Building Better AI Brains: How DeepSeek Solved the Hidden Instability Problem in Neural Networks

When you train a large language model, you’re essentially teaching a neural network to predict the next word in a sequence. But as these networks get deeper adding more layers to process information they become increasingly unstable. It’s like trying to build a tower of blocks where each new layer makes the whole structure wobble more precariously. For decades, researchers have managed this problem with a simple trick called residual connections. But now, a team at DeepSeek-AI has discovered that a promising new approach to make these networks more powerful actually breaks this stability mechanism and they’ve found an elegant mathematical solution.

The paper, titled “mHC: Manifold-Constrained Hyper-Connections”, tackles a fundamental challenge in scaling artificial intelligence: how to make neural networks deeper and more capable without them falling apart during training.
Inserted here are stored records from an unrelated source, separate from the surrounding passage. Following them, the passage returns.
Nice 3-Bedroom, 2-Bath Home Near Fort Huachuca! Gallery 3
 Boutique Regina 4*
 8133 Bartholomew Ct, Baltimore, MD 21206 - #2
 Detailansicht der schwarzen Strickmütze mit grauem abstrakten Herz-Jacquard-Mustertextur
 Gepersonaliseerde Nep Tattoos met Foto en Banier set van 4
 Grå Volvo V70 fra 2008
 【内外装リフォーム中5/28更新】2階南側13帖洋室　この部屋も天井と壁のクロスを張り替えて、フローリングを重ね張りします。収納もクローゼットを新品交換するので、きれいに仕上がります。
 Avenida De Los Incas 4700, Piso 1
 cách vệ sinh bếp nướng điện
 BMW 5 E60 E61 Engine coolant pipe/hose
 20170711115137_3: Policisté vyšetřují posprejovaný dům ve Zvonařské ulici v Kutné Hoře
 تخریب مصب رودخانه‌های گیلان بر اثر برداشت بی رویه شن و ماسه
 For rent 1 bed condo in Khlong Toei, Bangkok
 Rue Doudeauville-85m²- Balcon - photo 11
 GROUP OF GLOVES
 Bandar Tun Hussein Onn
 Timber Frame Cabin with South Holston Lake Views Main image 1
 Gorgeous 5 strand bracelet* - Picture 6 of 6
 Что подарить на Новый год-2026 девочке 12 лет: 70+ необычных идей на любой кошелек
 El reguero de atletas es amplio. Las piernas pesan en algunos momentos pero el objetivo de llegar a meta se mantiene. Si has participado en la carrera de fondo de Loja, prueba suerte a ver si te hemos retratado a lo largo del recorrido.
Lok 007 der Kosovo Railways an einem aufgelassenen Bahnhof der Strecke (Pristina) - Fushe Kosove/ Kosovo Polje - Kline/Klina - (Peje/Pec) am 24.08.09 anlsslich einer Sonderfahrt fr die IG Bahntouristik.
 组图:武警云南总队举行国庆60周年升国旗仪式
The solution involves constraining neural network connections to a special mathematical space called the Birkhoff polytope, using an algorithm from the 1960s called Sinkhorn-Knopp. The result is a method that maintains training stability while preserving the performance benefits of more complex network architectures.

The Foundation: Why Residual Connections Matter

To understand why this matters, we need to go back to 2015, when Microsoft researchers introduced ResNets—residual networks—in a landmark paper that transformed deep learning. The key innovation was deceptively simple: instead of just passing information through a layer, they also added a “shortcut” that lets information bypass the layer entirely. Mathematically, instead of computing output = layer(input), they compute output = input + layer(input).

This seemingly minor change had profound consequences. It solved a problem that had plagued deep neural networks for years: the vanishing gradient problem. When you train a network, you adjust the weights by computing gradients—essentially, how much each weight should change to reduce errors. But in very deep networks, these gradients would become so small by the time they reached the early layers that learning essentially stopped. Residual connections prevented this by ensuring that gradients could flow directly through the shortcut, maintaining their strength.

More importantly, residual connections preserve what researchers call the “identity mapping property.” This is a fancy way of saying that the original input is always present in the output, unchanged. This acts as a stabilizing force—no matter what the layer does, there’s always a baseline signal flowing through. It’s like having a guardrail on a bridge: even if the bridge sways, you have something to hold onto.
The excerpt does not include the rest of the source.